Cuidadosamente otimista, eu gostaria de dizer que seria melhor. Mas ao mesmo tempo, a razão seria forte agora porque eu acho que todos sentimos como se houvesse uma pessoa nos nossos ombros prontos para nos derrubarem se dissermos uma coisa errada.

Realmente existem paralelos com os dias atuais. Meio que conheça seu novo chefe, que é igual ao antigo chefe?
Eu acho que essa energia opressiva é ironicamente a base da nossa política agora. Quero dizer, o que estava acontecendo naquela época continua acontecendo agora e vai continuar futuramente. Isso é a América e um monte de caras no poder nunca vão ficar tranquilos com você tirando isso deles – eu acho que eles não ligam para quem eles precisam se curvar para manter isso.

O quão importante você acha que é hoje, e na posição que você ocupa, tomar uma atitude, falar e usar essa fama para levar a mensagem para frente?
Muito importante. Tudo o que eu faço, toda conversa que eu tenho, o jeito que eu voto, os projetos que eu me atraio criativamente – eu acho que isso demonstra meus sentimentos, minha posição e minha política. Eu acho que algumas pessoas são tendentes a ficarem em caixas de sabonete e eu acho que deveriam, outras tendem a fazer isso de modo mais silencioso, mas com intenção e exercem seu poder de diferentes modos. Mas, sim, eu acho que é absolutamente essencial que você represente a si mesmo, sabendo sua influência e o alcance que você tem. Eu acho que seria impossível ir dormir sem ser clara, aberta e honesta nesses tempos.

Existia uma percepção sobre a Jean que as pessoas queriam “a garota da camiseta.” Como alguém que foi identificada com um papel grande no começo da sua carreira, você sente que deixou essa conexão? Você gostaria?
Eu não acho que vá para lugar algum. Eu acho que cada passo que dei para esse lugar agora, posso dizer que me sinto sortuda que algumas pegadas foram apagadas, estou orgulhosa disso. Estou bem com isso.

Eu acho que a coisa com Crepúsculo é muito enraizada, o que é engraçado e um pouco louco para mim pensar nisso porque foi há muito tempo. Eu lembro como se fosse ontem, mas ao mesmo tempo parece outra vida. É engraçado ter isso constantemente como a base de quem eu sou em sentido cultural. Mas em sentido literal, eu não poderia estar mais longe disso. Mas tudo bem. É uma viagem. Tenho muito orgulho de fazer parte disso, eu gosto da equipe. Eu olho para isso com muito carinho, de modo cativante e bobo, como se estivesse abrindo um álbum da escola, tipo, ”Meu Deus! Uau!”
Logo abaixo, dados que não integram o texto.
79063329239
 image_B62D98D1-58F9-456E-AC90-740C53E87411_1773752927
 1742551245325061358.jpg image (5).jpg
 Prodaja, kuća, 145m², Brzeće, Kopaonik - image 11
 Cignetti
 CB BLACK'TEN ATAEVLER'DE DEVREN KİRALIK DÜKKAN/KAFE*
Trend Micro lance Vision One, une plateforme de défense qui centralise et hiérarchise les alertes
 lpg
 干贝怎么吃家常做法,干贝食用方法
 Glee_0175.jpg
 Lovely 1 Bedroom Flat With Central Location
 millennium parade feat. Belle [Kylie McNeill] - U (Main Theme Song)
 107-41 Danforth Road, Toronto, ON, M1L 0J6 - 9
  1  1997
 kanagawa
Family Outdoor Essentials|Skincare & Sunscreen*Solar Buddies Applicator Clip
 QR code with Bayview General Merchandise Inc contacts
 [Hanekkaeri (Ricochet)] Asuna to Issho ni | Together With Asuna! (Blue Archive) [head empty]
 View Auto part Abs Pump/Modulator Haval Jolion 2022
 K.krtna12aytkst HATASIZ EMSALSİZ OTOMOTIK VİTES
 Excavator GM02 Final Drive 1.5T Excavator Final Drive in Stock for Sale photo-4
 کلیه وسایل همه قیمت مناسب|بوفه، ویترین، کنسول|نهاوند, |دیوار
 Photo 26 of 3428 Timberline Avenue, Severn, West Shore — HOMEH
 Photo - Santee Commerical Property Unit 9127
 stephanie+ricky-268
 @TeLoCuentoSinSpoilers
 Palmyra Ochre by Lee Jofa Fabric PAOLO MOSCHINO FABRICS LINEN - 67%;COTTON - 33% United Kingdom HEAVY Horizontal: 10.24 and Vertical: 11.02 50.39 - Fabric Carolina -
Você estava no júri em Cannes em 2018, que foi um ano crucial para a luta de igualdade de gênero no Festival. Como foi?
Foi um ótimo ano para eu estar lá. Eu já fui no Festival algumas vezes com filmes mas, ah cara, eu não sei, traz à tona uns sentimentos que eu mantenho com tanta reverência e uns que nem todos possuem, certamente, porque seria muito estranho – o mundo é muito mais do que apenas filmes.

Tenho muita sorte de ter estado lá com aquela energia, naquele ano em que se tornou inegavelmente ativo o falatório muito fervoroso em termos de ser mulher.

Cate Blanchett foi a presidente do júri, e honestamente eu acho que tivéssemos que representar a Terra e mandar um de nós para uma raça alienígena e dizer ”Hey, somos nós,” eu acho que seria a Cate. Então eu estava muito ativa o tempo todo, eu fui para a casa muito inspirada e animada. Meu botão de ligar foi destruído, então foi maravilhoso.

Veneza está recebendo atenção pela falta de diretoras na competição. Você seria jurada aqui?
Obviamente eu defendo ter mais mulheres e fazer mais filmes que são aceitos… Eu acho que se eles me pedissem para estar no júri de Veneza, seria um passo na direção certa.

Algumas vezes, se você age de modo egoísta, suas intenções e suas políticas são rebocadas, então egoisticamente eu iria querer fazer isso porque eu tenho tudo o que aprender dessa experiência – e eu acho que faz uma declaração muito sólida.